Gegen dieses Erkenntnis ist eine Revision an den Verwaltungsgerichtshof nach Art. 133 Abs. 4 Bundes-Verfassungsgesetz (B-VG) nicht zulässig.
Entscheidungsgründe
Verfahren:
Mit Kauf- und Bauträgervertrag vom 06.04.2017 kauften die Bf. und deren Ehegatte die in Vertragspunkt 2. näher beschriebene und von der Baugesellschaft (in der Folge: Verkäuferin) noch zu errichtende Wohnung Top 4, Garagenabstellplatz Top 8 und Abstellplatz Top 17. Die weiteren Vertragspunkte beinhalten u.a.

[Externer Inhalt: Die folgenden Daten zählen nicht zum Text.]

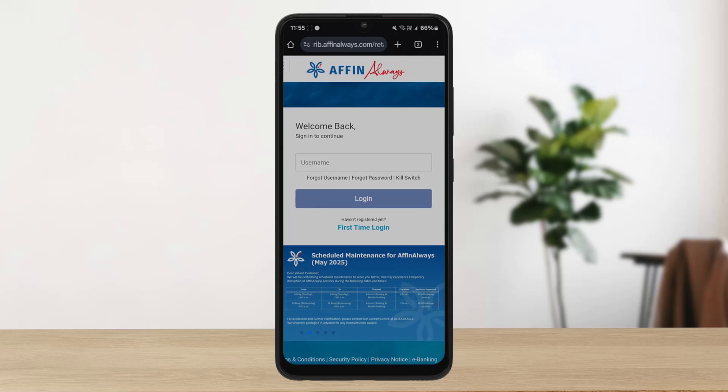This is how you can easily log into Affin Bank online banking. Hope this video was helpful — do like and subscribe, and leave a comment down below if you have any further issues.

Kaufpreis (Gesamtkaufpreis inklusive Garage und Abstellplatz von EUR 173.963,50), Zahlungsmodus mit Ratenplan, Baubeginn, Übergabe, Regelungen betreffend den zu errichtenden Wohnungseigentumsvertrag, Aufsandungserklärung, zusätzlich mit Einwilligung zur Anmerkung der Zusage der Einräumung des Wohnungseigentumrechts gemäß § 40 Abs. 2 WEG 2002 betreffend den Kaufgegenstand, Regelungen betreffend Selbstberechnung und Tragung der Grunderwerbsteuer und Eintragungsgebühr.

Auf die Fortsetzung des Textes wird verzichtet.